Lei de contravenção penal x Estatuto da Criança e do Adolescente.

Lacuna jurídica: a problemática do artigo 243 do ECA.

27/08/2014 às 14:23
Leia nesta página:

Trata-se de breves considerações acerca da lacuna existente no ECA quanto àqueles que oferecem bebidas alcoólicas para crianças ou adolescente. É menos grave por bebida alcoólica na mamadeira de uma criança de 2 anos do que dar cigarro para um adolescente.

Por uma questão de proporcionalidade, o legislador tomou cuidado para fixar as penas em abstrato de um crime de acordo com sua reprovabilidade social e o valor do bem jurídico protegido, crimes mais graves e mais reprováveis socialmente possuem penas logicamente maiores.

             A conduta de vender, fornecer ainda que gratuitamente, ministrar ou entregar, de qualquer forma, a criança ou adolescente, sem justa causa, produtos cujos componentes possam causar dependência física ou psíquica, ainda que por utilização indevida (art. 243, ECA) é punida com pena de detenção de 2 à 4 anos.
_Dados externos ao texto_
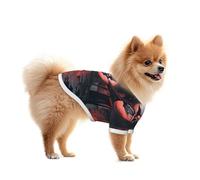 Devil Warrior Mask Cute Dog and Cat T-Shirt - Soft and Breathable Pet Apparel for Small to Large Dogs and Cats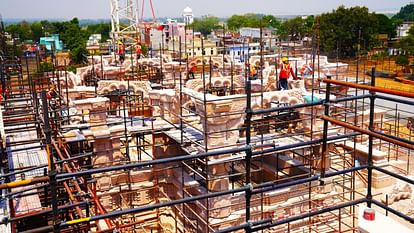 Ayodhya News: 50 percent work of first floor of Ram temple completed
            Pode-se imaginar que nesse artigo incorreria o agente que entrega ou vende bebida alcoólica e/ou cigarro para criança ou adolescente, afinal, ambas são substâncias que causam dependência.

            Todavia, o Direito Penal rege-se, dentre outros, pelos princípios da especialidade e taxatividade, proibindo qualquer tipo de analogia ''in malam partem''. Ou seja, além do tipo penal dever ser claro, explicito, direto, com a descrição minuciosa da conduta dando a menor margem possível de interpretação, as leis penais mais específicas preponderam frente às menos específicas.

             Com isso, é importante salientar a existência da contravenção penal constante no artigo 63 da lei de contravenções penais que estabelece pena de prisão simples, de dois meses a um ano, ou multa para àquele que serve bebidas alcoólicas para menores de 18 anos. Ou seja, tendo uma contravenção tão clara e específica punindo a conduta de servir bebida alcoólica, aqui se enquadraria a pessoa que põe bebida alcoólica na mamadeira de um bebê para ele ficar mais calmo. Quanto a pessoa que vendeu ou entregou cigarro para adolescente, não tendo outra norma ou contravenção específica para o tipo de produto que ele entregou, ele incorreria no crime do artigo 243 do ECA com pena consideravelmente maior.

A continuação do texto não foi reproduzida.